### Problem description
Exactly reproduce the lines from the top of the entries below through the line containing "BOSS Geruite slim-fit", with both ends included.

Collection entries:
----
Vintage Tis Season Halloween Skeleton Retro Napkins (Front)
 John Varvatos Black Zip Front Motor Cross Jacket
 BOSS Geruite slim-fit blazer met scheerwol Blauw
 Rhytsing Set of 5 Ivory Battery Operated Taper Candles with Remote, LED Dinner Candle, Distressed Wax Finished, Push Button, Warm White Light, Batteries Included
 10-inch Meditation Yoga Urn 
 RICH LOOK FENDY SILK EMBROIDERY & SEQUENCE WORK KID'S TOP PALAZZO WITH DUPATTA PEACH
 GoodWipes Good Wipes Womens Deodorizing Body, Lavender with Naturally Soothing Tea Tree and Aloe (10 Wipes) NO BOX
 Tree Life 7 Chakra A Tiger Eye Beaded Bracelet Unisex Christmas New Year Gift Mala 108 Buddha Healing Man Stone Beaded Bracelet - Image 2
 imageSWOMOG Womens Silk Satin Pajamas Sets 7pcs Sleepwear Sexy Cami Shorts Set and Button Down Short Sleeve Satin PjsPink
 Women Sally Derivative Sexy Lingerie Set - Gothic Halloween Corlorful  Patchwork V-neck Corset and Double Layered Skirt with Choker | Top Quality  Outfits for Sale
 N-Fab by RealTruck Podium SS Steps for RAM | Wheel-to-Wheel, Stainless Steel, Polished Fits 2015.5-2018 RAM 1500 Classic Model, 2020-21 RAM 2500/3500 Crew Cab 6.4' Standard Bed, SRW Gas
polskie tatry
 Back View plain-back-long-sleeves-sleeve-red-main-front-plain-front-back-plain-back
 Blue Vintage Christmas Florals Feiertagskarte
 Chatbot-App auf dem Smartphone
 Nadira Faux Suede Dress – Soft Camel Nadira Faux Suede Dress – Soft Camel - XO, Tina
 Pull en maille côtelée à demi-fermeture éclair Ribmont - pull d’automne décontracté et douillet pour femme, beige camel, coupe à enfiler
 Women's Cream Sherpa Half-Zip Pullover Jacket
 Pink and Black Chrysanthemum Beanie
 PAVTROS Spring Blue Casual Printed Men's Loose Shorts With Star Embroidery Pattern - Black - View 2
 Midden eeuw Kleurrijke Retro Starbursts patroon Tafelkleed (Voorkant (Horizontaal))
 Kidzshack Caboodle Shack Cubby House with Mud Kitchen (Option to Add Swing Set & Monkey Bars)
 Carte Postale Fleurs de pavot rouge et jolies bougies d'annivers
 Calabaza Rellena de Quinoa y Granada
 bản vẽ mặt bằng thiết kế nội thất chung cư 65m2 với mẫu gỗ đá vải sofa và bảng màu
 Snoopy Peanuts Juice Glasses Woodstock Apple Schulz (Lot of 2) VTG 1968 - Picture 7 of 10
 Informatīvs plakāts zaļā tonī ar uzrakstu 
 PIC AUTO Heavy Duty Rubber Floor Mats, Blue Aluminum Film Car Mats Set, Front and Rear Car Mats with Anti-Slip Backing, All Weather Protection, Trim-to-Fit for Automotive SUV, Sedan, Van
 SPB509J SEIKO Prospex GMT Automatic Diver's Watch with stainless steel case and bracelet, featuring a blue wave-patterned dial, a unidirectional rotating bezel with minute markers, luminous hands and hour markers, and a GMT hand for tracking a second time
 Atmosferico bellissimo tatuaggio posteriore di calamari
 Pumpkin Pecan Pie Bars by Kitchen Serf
----
### Written answer
Vintage Tis Season Halloween Skeleton Retro Napkins (Front)
 John Varvatos Black Zip Front Motor Cross Jacket
 BOSS Geruite slim-fit blazer met scheerwol Blauw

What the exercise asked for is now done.